**Task data:**
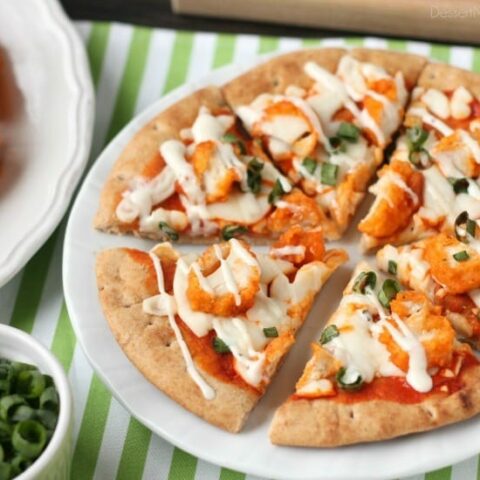 Farm Rich Boneless Buffalo Chicken Bites help make this flatbread pizza a quick and delicious game day snack!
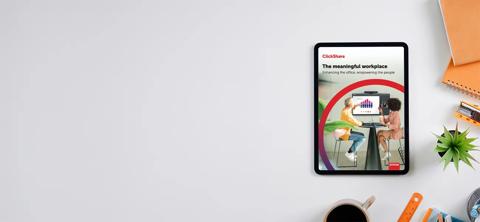 Office desk table with tablet,coffee cup ,pencil ,flower ,notepad on white desk. Top view with copy space.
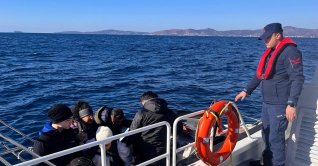 Turkish coast guard officers detain irregular migrants during operations off the coast of Izmir, Türkiye, Jan. 15, 2026. (DHA Photo)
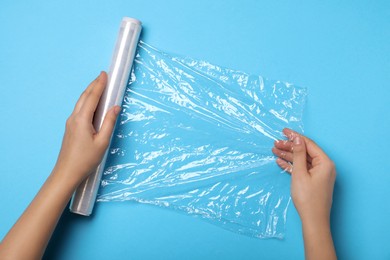 Photo of Woman with roll of stretch wrap on light blue background, top view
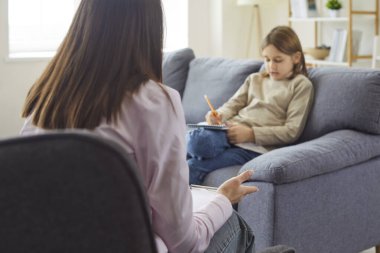 Therapist listening child writing in notebook during counseling session in modern psychologists office. School boy sitting on sofa with pencil to write notes on support consultation with therapist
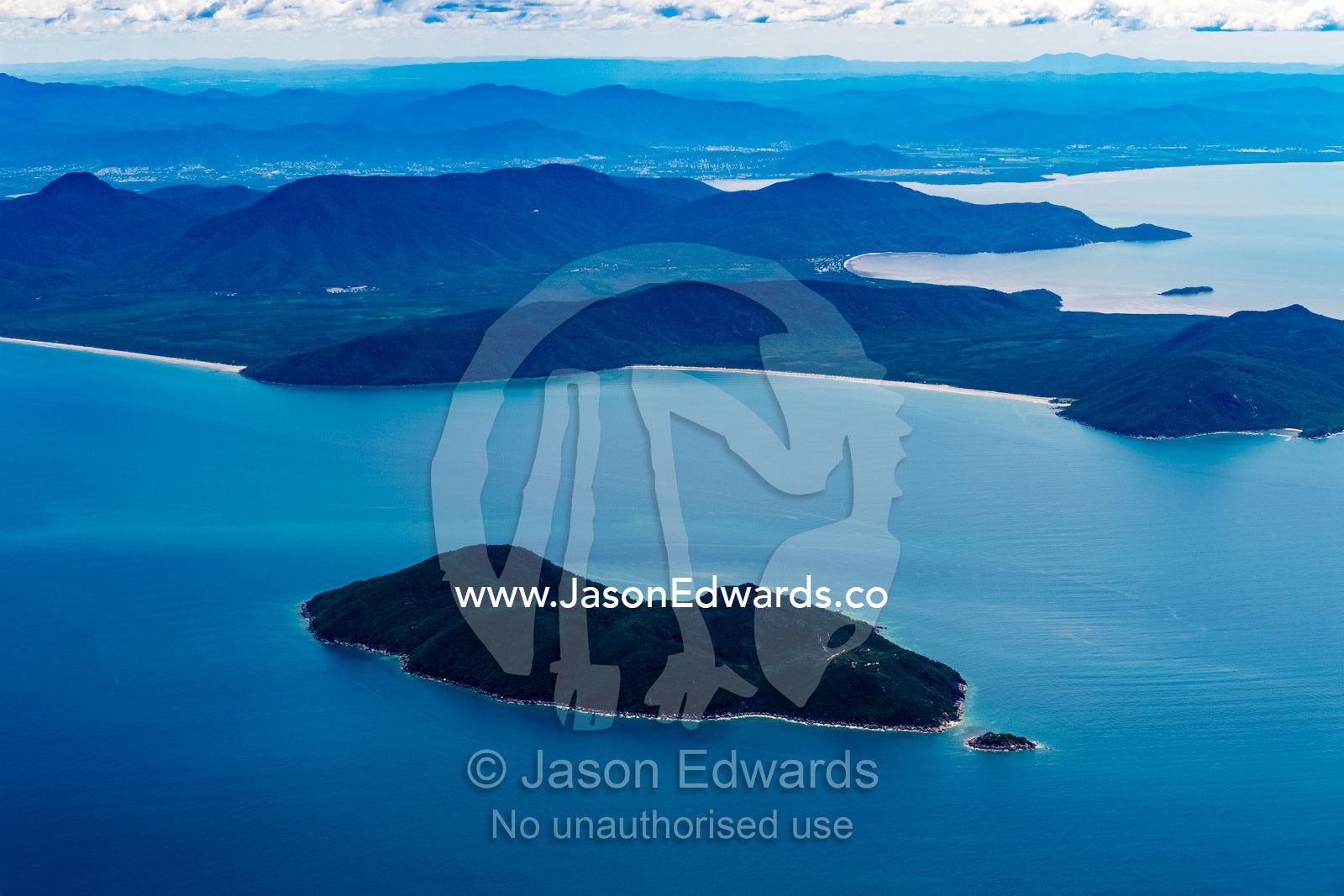 Rainforest covers mountains on a peninsular jutting from the mainland. Cairns, Queensland, Australia
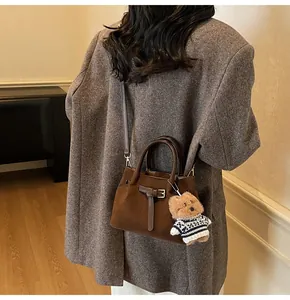 Detail of dark brown matte leather handbag with vintage buckle and plush bear pendant accessory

**Task item:** Retyping is limited to the line with "Therapist listening child" and the lines after it in the material above; give them exactly and leave out the pictures.

**Task result:**
 Therapist listening child writing in notebook during counseling session in modern psychologists office. School boy sitting on sofa with pencil to write notes on support consultation with therapist
 Rainforest covers mountains on a peninsular jutting from the mainland. Cairns, Queensland, Australia
 Detail of dark brown matte leather handbag with vintage buckle and plush bear pendant accessory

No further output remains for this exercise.